Servir ou abuser ? Mettre la main sur les autres, le monde, les biens, la création ? Ou bien être dans la participation, le don, la rencontre, le partage et la parole ?   
Abuser de l’avoir et s’en servir pour soi, abuser du pouvoir et dominer et emprisonné les autres sans parler de l’abus sexuel qui vient en dernier, car celui-ci est la conséquence de tous ces abus d’avoir et de pouvoir.    
        
S’interroger sur le service permet de discerner où l’on en est de l’essentiel, et de ce que Dieu veut.         
Jésus sert et n’abuse jamais ni de ses disciples, ni de sa parole, ni de sa réputation. Il préfère être abusé par d’autres. Le service comme l’abus sont révélateur d’une société, ou d’une communauté : comme on traite une femme ou un homme on traite Dieu…     
Servir c’est se positionner intérieurement dans l’écoute, dans la dépossession, dans la déprise totale dans l’ouverture et la disponibilité radicale.     
        
Frère André de l’Oratoire, Charles de Foucault en Algérie, Dorothy Day aux États Unis, Thérèse de Lisieux dans son carmel, avec eux nous avons un arc en ciel de possibilités pour servir avec Jésus. Ils enseignent le service et sa fécondité. Tous ont vécu une intimité profonde, quotidienne, enracinée dans le concret le plus concret, dans le quotidien le plus quotidien, ils ont tous écouté, des appels intérieurs, des appels de leurs sœurs et de leurs frères, et ils ont inventé, cherché et servi chacun à leur manière.
Que voulez-vous que je fasse pour vous ?     
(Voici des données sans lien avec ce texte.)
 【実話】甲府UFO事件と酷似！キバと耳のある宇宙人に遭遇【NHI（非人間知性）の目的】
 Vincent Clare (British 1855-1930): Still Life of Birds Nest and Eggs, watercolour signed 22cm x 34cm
Etty Hillesum renverse la question et interroge Dieu, Elle écrit : ce n’est pas toi qui peux nous aider, mais nous qui pouvons t’aider – et ce faisant nous nous aidons nous-mêmes. C’est aussi la seule chose qui compte : un peu de toi en nous, mon Dieu. Il m’apparaît de plus en plus clairement à chaque pulsation de mon cœur que c’est à nous de t’aider et de défendre jusqu’au bout la demeure qui t’abrite en nous.